Britain’s economy will suffer an £8bn hit this year from a reduction in the size of the workforce caused by a pandemic-induced rise in ill-health, research from a thinktank has shown.
A report from the Institute for Public Policy Research said a combination of long Covid, NHS disruption and an increase in mental illness meant 400,000 workers had gone “missing” since the global health crisis began.
The report, published to mark the launch of the IPPR’s two-year Commission on Health and Prosperity, said the UK was paying a high price for deep health inequalities and ineffective policies that meant people were living shorter lives and faced greater barriers to staying in and getting on at work.
The IPPR said the relationship between health and the economy went beyond people being off work through sickness and ill health, and was a crucial factor in the UK’s low productivity, low growth and vast regional inequalities.
Two years after the start of the pandemic, the UK workforce is more than 1 million people smaller than it would have been on pre-crisis trends. The IPPR said health factors were responsible for almost half the decrease.

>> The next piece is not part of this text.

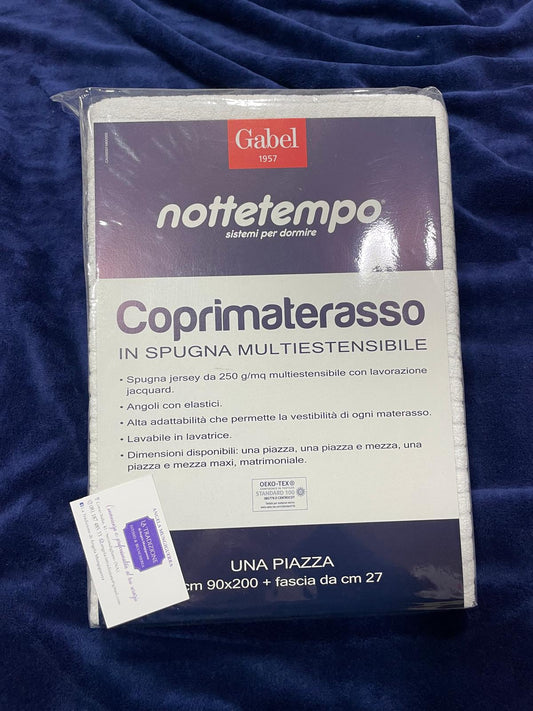 Coprimaterasso GABEL NOTTETEMPO Una Piazza in Spugna Multiestensibile con Angoli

People living in the most economically deprived parts of the country, such as Blackpool, Knowsley and Barking and Dagenham, were on average falling into poor health in their late 50s, five years earlier than the national average and 12 years sooner than people living in the healthiest place, Wokingham.
Dame Sally Davies, England’s former chief medical officer and co-chair of the IPPR’s Commission on Health and Prosperity, said there had never been a more important time to put good health at the heart of society and the economy. “A fairer country is a healthier one, and a healthier country is a more prosperous one,” she said. “While the restrictions have eased, the scars of the pandemic still remain deep on the nation’s health and our economy.”
Another commission member, Andy Burnham, mayor of Greater Manchester said: “One of the fundamental beliefs of the British public is that everyone should have access to good health, irrespective of their means and location. But currently we see serious inequalities in health and opportunity. Good health must be built into all the places people live across the whole country and communities must be supported to take greater control of their health and wellbeing.”